A printmaking & collage piece
This mixed media piece combines printmaking and collage as well as a bit of art history. To start, students learn about mandallas and the cultures that practice them. They create their own design for 1/4 of a mandalla first in their sketchbooks, and then replicated on a piece of lino block. When printing, they turn the lino block clockwise and the design, when repeated 4 times, makes a circle pattern. This is the same radial symmetry that mandallas have and it is also a but of a fun surprise - like making a snowflake out of paper - to see how the design turns out. They cover a sheet of cardboard with their mandalla design and then we learn about reductive printing, wherein a bit more is carved off the original block and overlayed. They add their reductive design on top and this serves as their background for their self-portrait piece.
To create the outline for the self-portraits, students took photographs of one another using a DSLR camera.
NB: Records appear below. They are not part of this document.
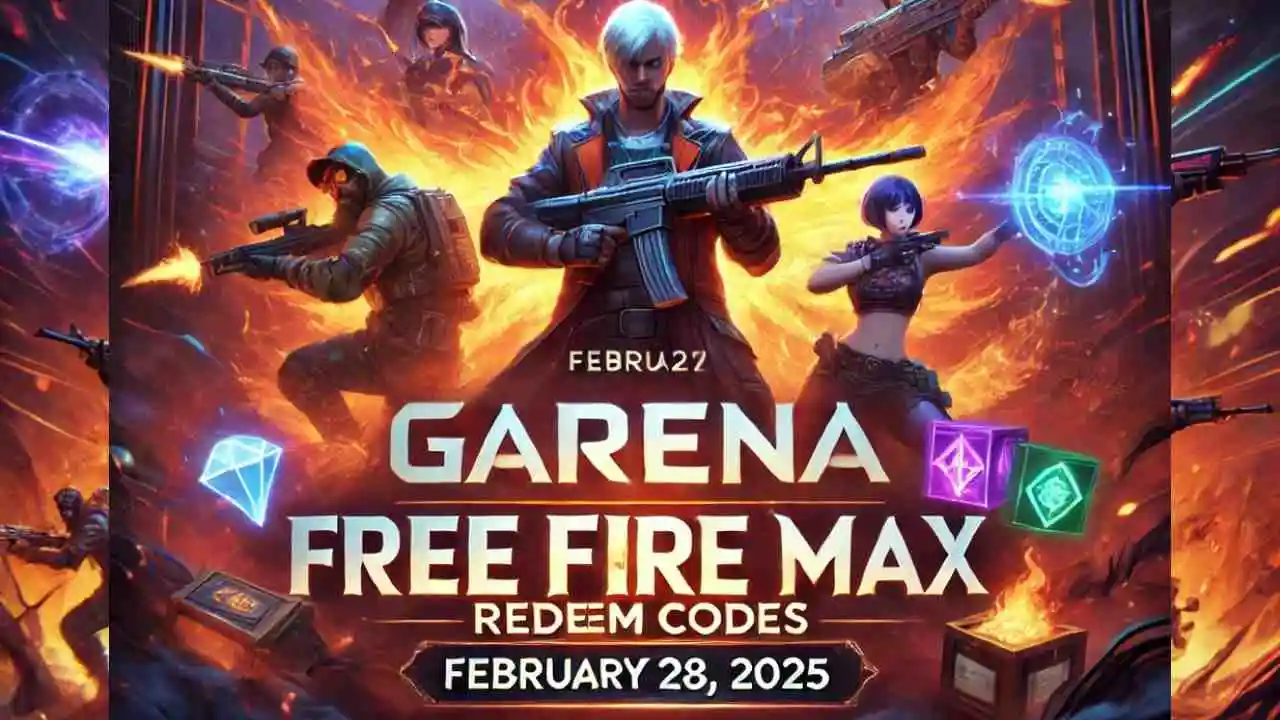 Garena Free Fire MAX Redeem Codes for February 28, 2025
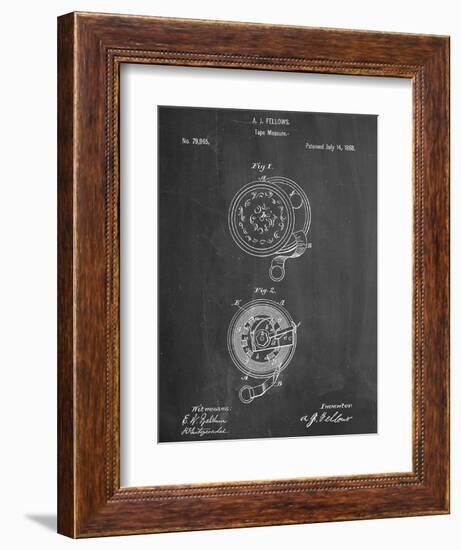 Tape Measure Patent-null-Framed Art Print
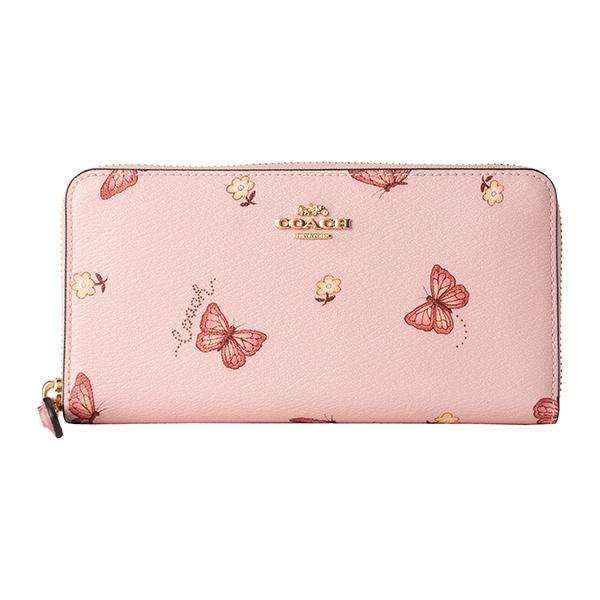 並行輸入 コーチ 長財布(ラウンドファスナー) ピンク COACH 2857  IMR2Y 爆買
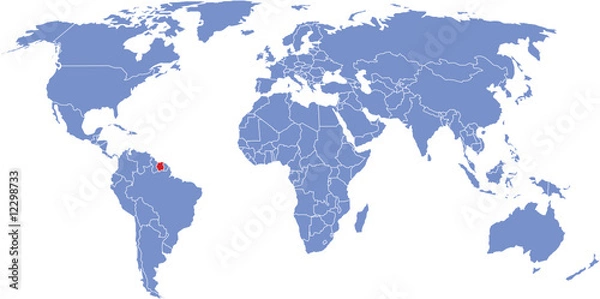 Fototapeta There is a global map of the world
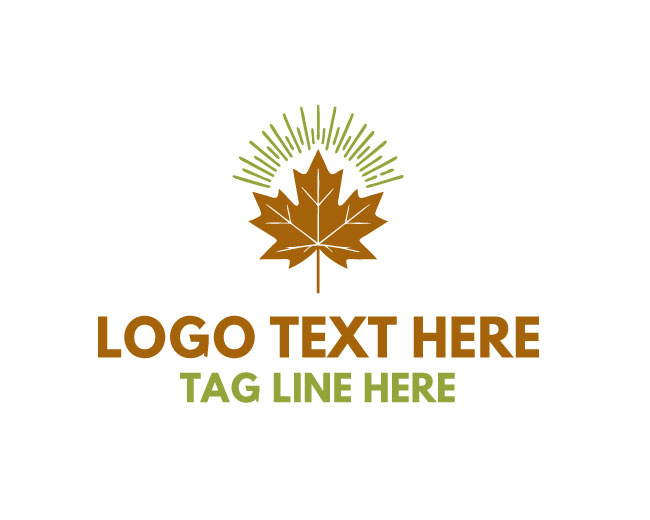 Canadian Maple Leaf Eco Logo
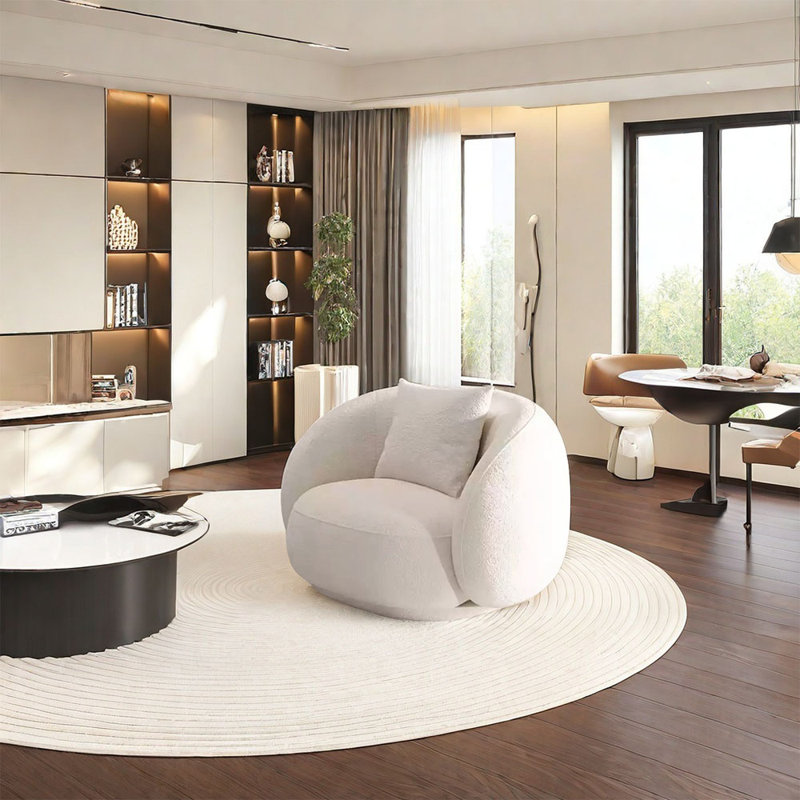 Semicircle negotiation arc sofa, Off-White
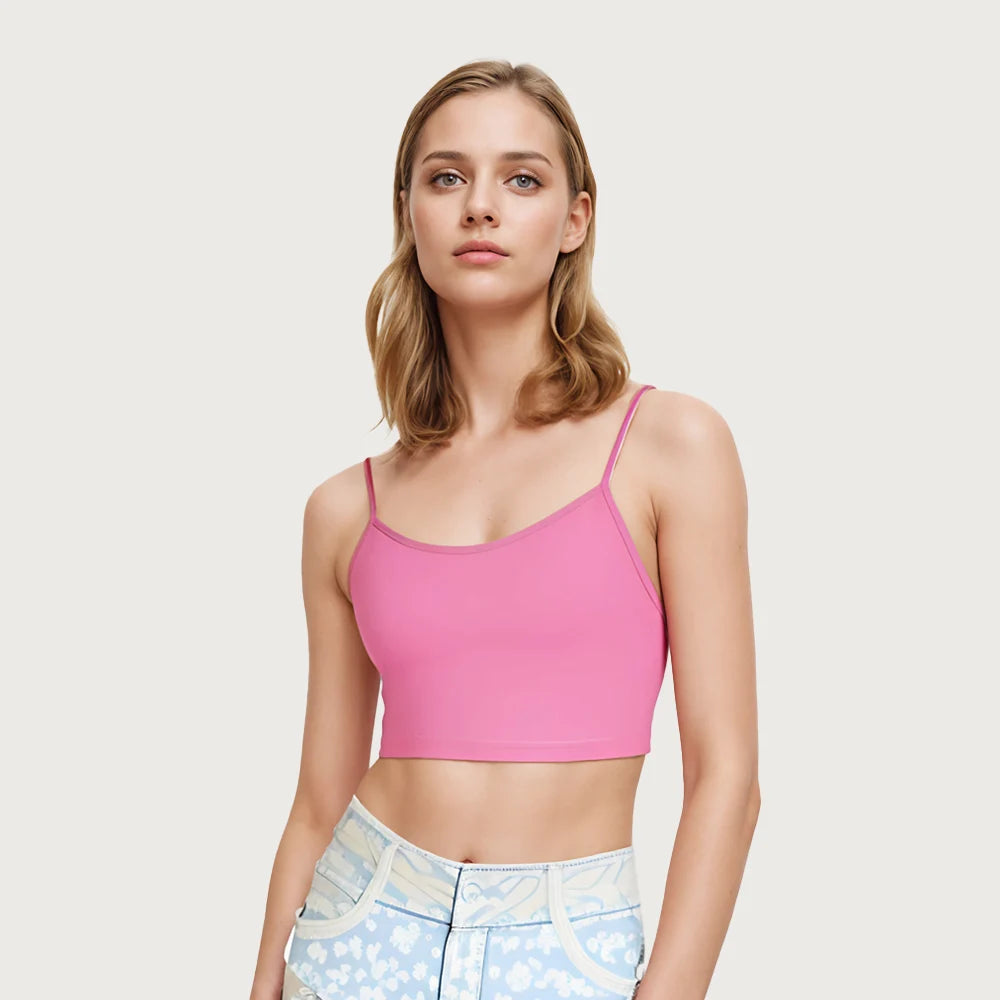 SoftGlow Crop Cami Set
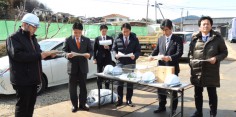 希望の党復興推進本部福島視察　いわき復興住宅視察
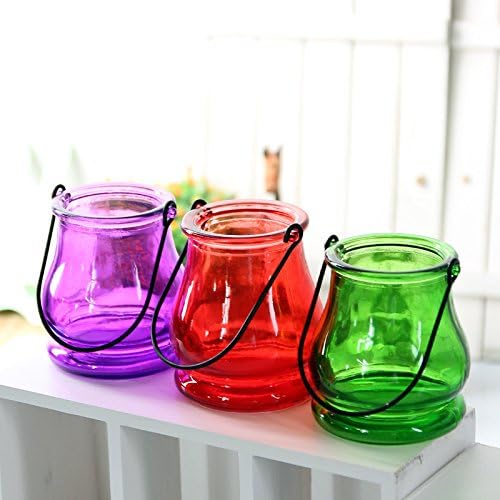 Vase Fillers Hanging Glass Vase Decor Colored Hydroponic Pot Vases Decoration Random color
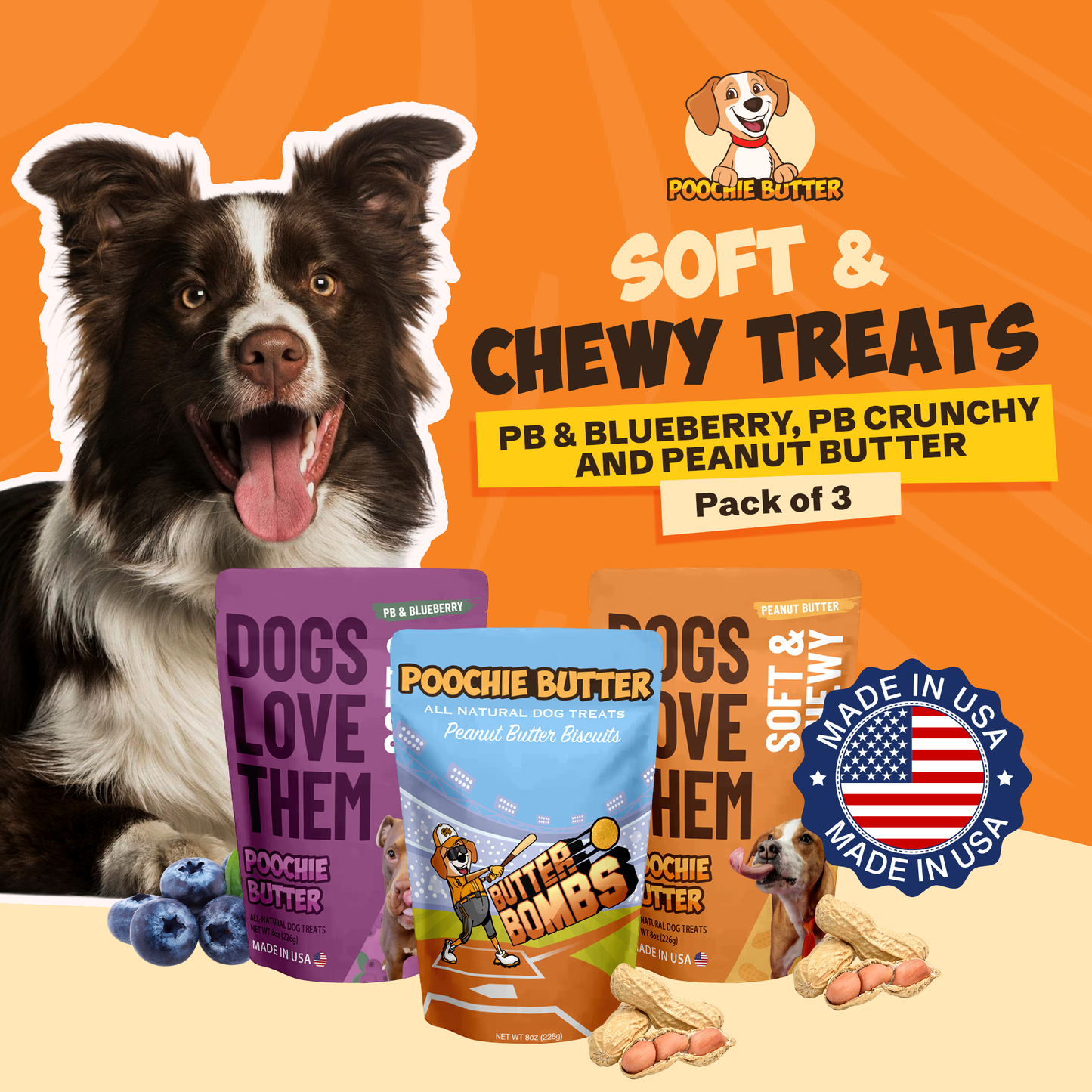 5lb Bulk Peanut Butter Soft & Chewy Dog Treats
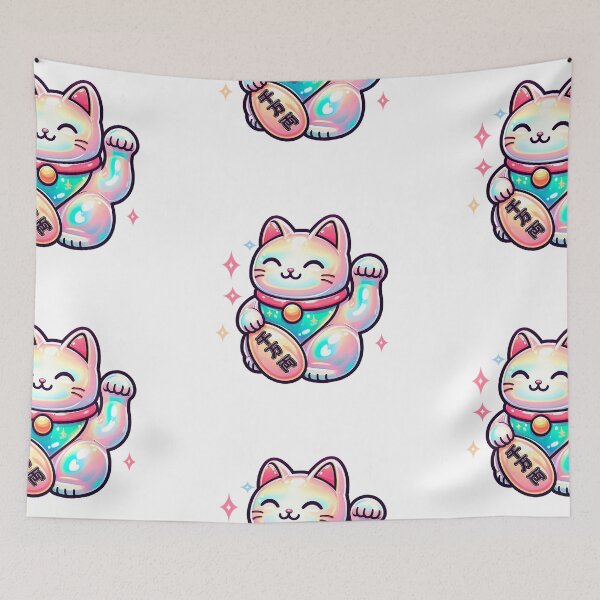 Item preview, Pastel Maneki Neko designed and sold by Naokodarling.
I wanted it to be self-guided and give them a chance to handle the cameras. We talk about proper ways to hold a "real" camera and how to get the best shot. After all photos have been taken, I print them out, and they trace their images onto a sheet of transparency paper. This isn't really a drawing project, so I'm not concerned that it is traced. The outline gives them a framework for their collage, that they create out of magazine pieces, directly onto the cardboard backing. After the magazine collage has been glued on, they fuse the transparency sheet to the cardboard using clear glue.